YRC is in trouble because they took on way to much debt at absolutely the wrong time.
Now they want the front line worker to bail them out for a second time with concessions.
YRC is another company that needs to clean house in the managerial ranks.

Give me a break--there is no such thing as "too much debt' IF you have sufficient earnings to make the interest and prinicipal obligations. Debt becomes an issue when you default on those payments. And that is an earnings issue. The fact of the matter is that the compensation and benefits line item at YRCW is/was approximately 60% of revenues. Again--be objective without preconception and look at the numbers. Looking at YRCW's debt obligations--interest payments and current portion due of long-term debt as % of revenues vs. its compensation/benefits line:

2005 interest 1% current portion of LT debt 3% compensation/benefits 58%
2006 interest 1% current portion of LT debt 4% compensation/benefits 58%
2007 interest 1% current portion of LT debt 2% compensation/benefits 60%
2008 interest 1% current portion of LT debt 5% compensation/benefits 59%
2009 interest 3% current portion of LT debt 8% compensation/benefits 70%

Looking at those line items (debt-related expenses vs. compensation-related expenses) can you honestly and seriously blame the debt for YRCW's problems? What I think you're mistakenly doing is blaming the default of the debt obligations triggering bankruptcy for the bankruptcy itself vs. instead of looking at the reason(s) behind the default (i.e., non-payment) to begin with--i.e., an unsustainable cost-structure.

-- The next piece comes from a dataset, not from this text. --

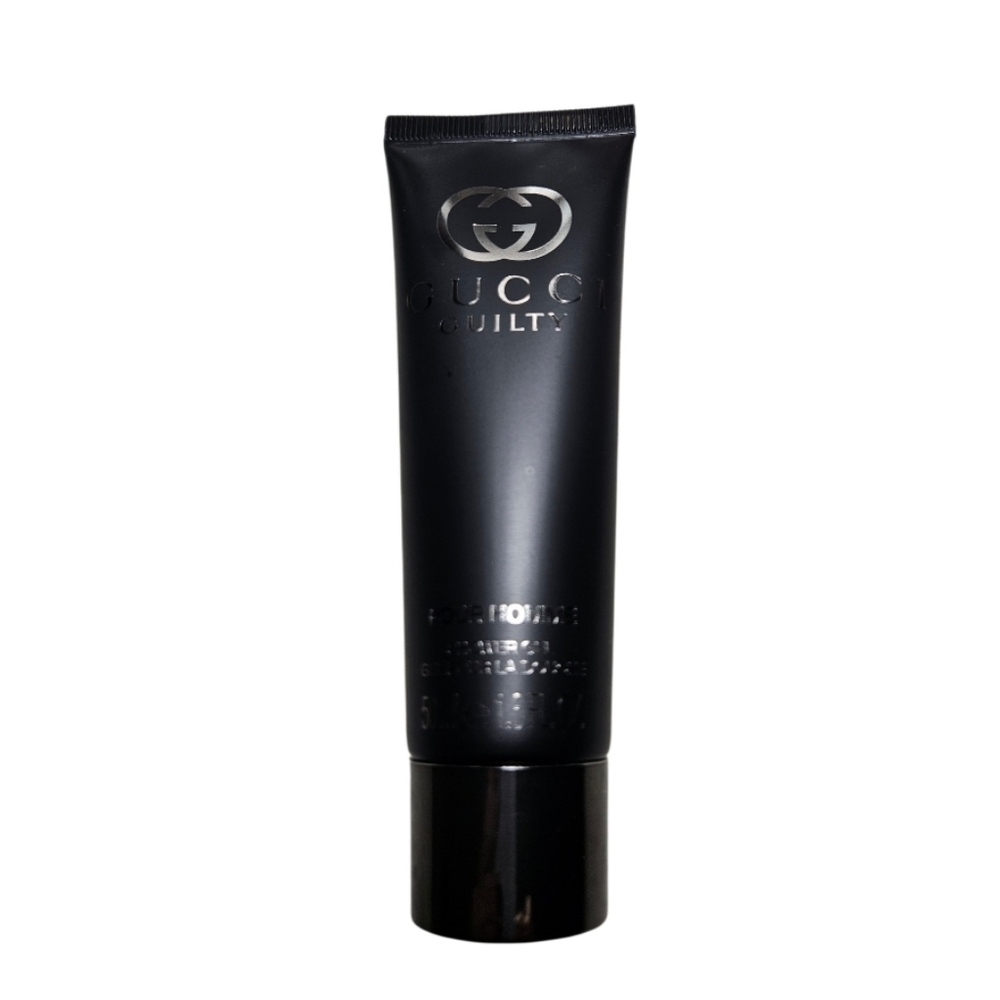 NWOT Gucci Guilty Pour Homme Black Shower Gel - Picture 2 of 7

Let's take a theoretical look at YRCW had they had a cost structure in terms of the compensation expense more in-line with FDX--IOW, 40% of revenues. This is how the numbers would've looked:

2005 compensation 40% net income 22% (vs. compensation 58% net income 3%)
2006 compensation 40% net income 21% (vs. compensation 58% net income 3%)
2007 compensation 40% net income 13% (vs. compensation 60% net income -7%)
2008 compensation 40% net income 8% (vs. compensation 59% net income -11%)
2009 compensation 40% net income 18% (vs. compensation 70% net income -12%)

Pretty clear YRCW's risk of default would've been non-existent--even with the same amount of debt.

...This makes no sense? Yes, in our lives, 95% of our pay is quite a bit of money. BUT, when you have a salary of billions, upon billions of dollars, getting to keep that 5% could add up to quite a bit of money (which it does, in this case.)

Of course it makes sense--the use of percentages puts things in context vs. simply looking at absolute numbers devoid of context and perspective. The net income provides a cushion for when things go wrong--if you're operating on a razor thin profit margin, you have far less of a cushion than if that margin in more substantial. With low profit margins, any significant change in any expense line could easily turn profits into losses. Additionally, if these margins are eroding, this is a red flag--it is a trend which is not sustainable in the long run.